REQUIRED WORK: Do not include the pictures; repeat the rest of the data exactly.

SOURCE MATERIAL:
- Opening Delimiter -

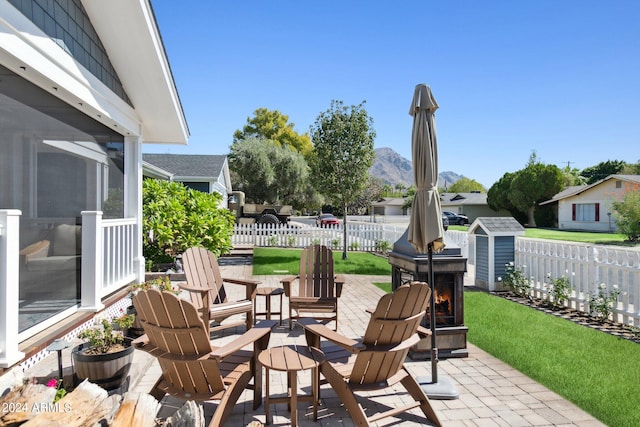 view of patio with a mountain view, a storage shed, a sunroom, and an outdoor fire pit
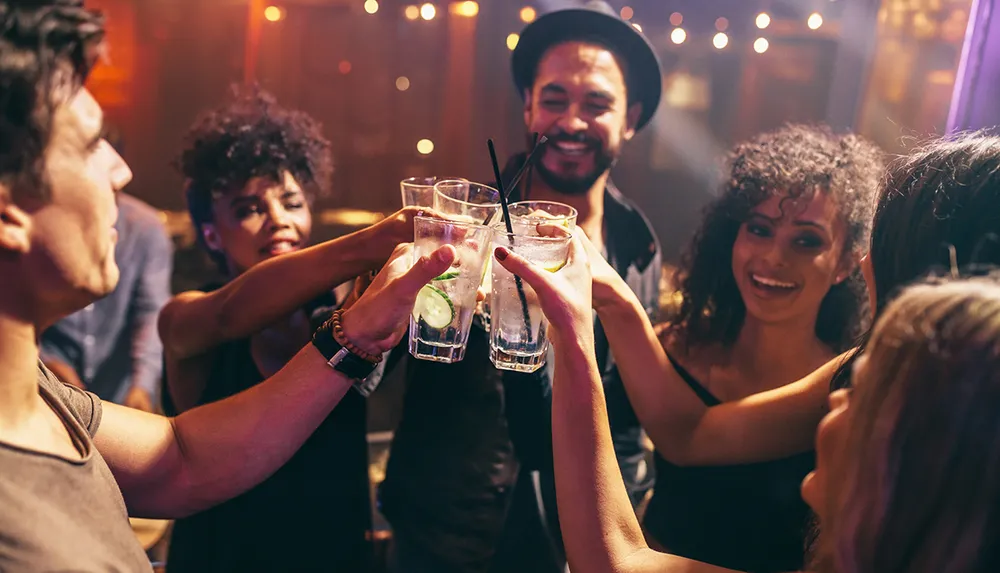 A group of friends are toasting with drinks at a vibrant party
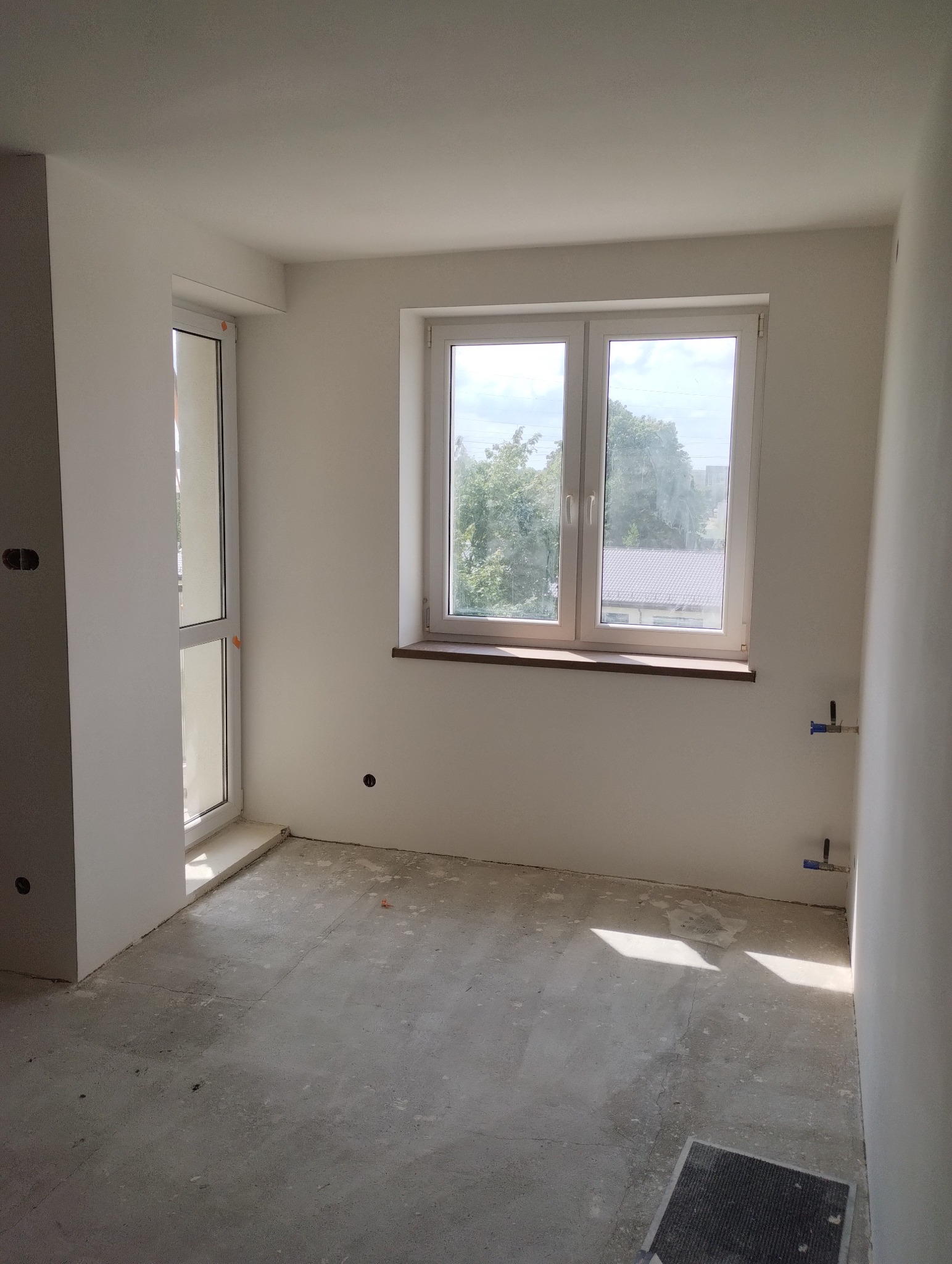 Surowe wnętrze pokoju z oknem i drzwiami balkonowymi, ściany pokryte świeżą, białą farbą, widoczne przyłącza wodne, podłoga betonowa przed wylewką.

- Closing Delimiter -

RESPONSE AREA:
 view of patio with a mountain view, a storage shed, a sunroom, and an outdoor fire pit
 A group of friends are toasting with drinks at a vibrant party
 Surowe wnętrze pokoju z oknem i drzwiami balkonowymi, ściany pokryte świeżą, białą farbą, widoczne przyłącza wodne, podłoga betonowa przed wylewką.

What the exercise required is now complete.